BEGIN Material provided

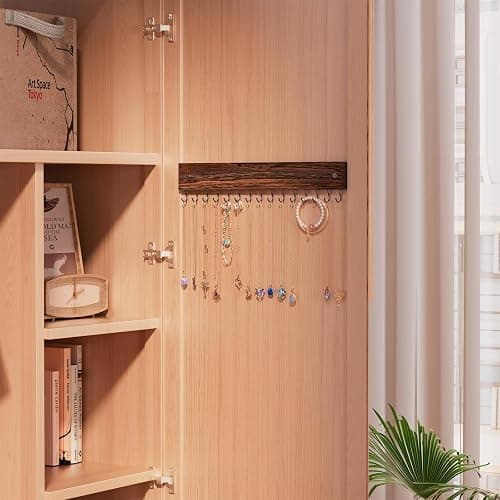 Lolalet Wooden Necklace Holder for Wall with 15 Hooks, Necklaces Hanger Easy Install Wall Mount Necklace Organizer, Jewelry Hangers for Chains, Bracelets, Earrings -Brown thumbnail 4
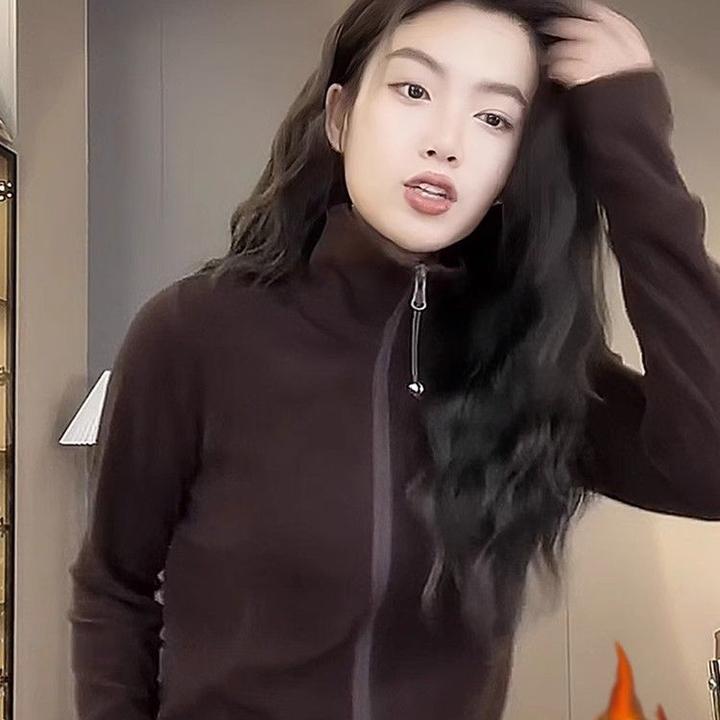 美拉德风保暖长袖卫衣女秋冬新款设计感德绒立领百搭休闲开衫外套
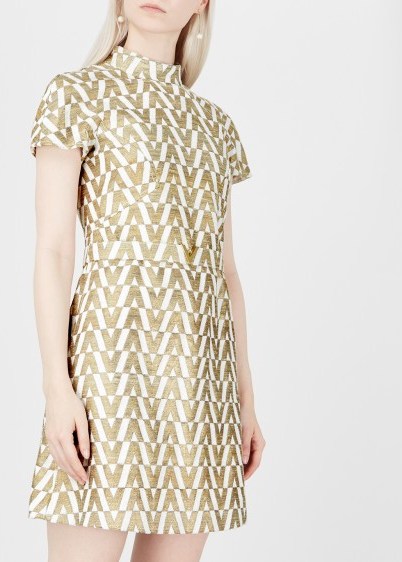 VALENTINO Gold jacquard high neck mini dress ~ metallic graphic logo design - flipped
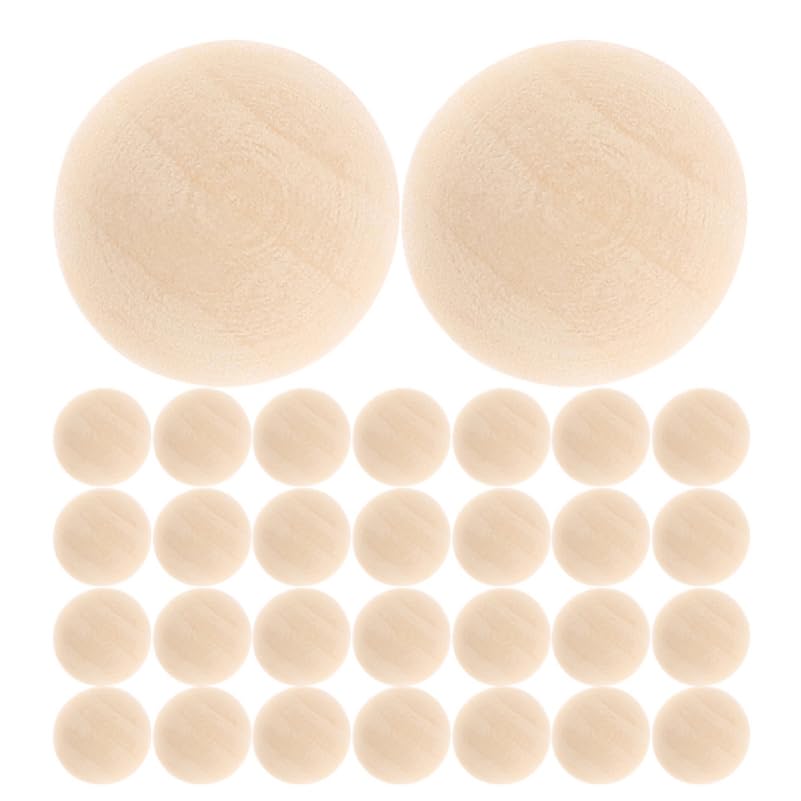 VILLCASE 100 Piezas Bolas de Media Madera Natural, 30mm, Cuentas Ranuradas Sin Pintar para Manualidades, Suministros de Arte, Adornos, Pintura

END Material provided

# [Task requirements]
In your copy, reproduce the data above exactly and skip every picture.

# [Problem solution]
 Lolalet Wooden Necklace Holder for Wall with 15 Hooks, Necklaces Hanger Easy Install Wall Mount Necklace Organizer, Jewelry Hangers for Chains, Bracelets, Earrings -Brown thumbnail 4
 美拉德风保暖长袖卫衣女秋冬新款设计感德绒立领百搭休闲开衫外套
 VALENTINO Gold jacquard high neck mini dress ~ metallic graphic logo design - flipped
 VILLCASE 100 Piezas Bolas de Media Madera Natural, 30mm, Cuentas Ranuradas Sin Pintar para Manualidades, Suministros de Arte, Adornos, Pintura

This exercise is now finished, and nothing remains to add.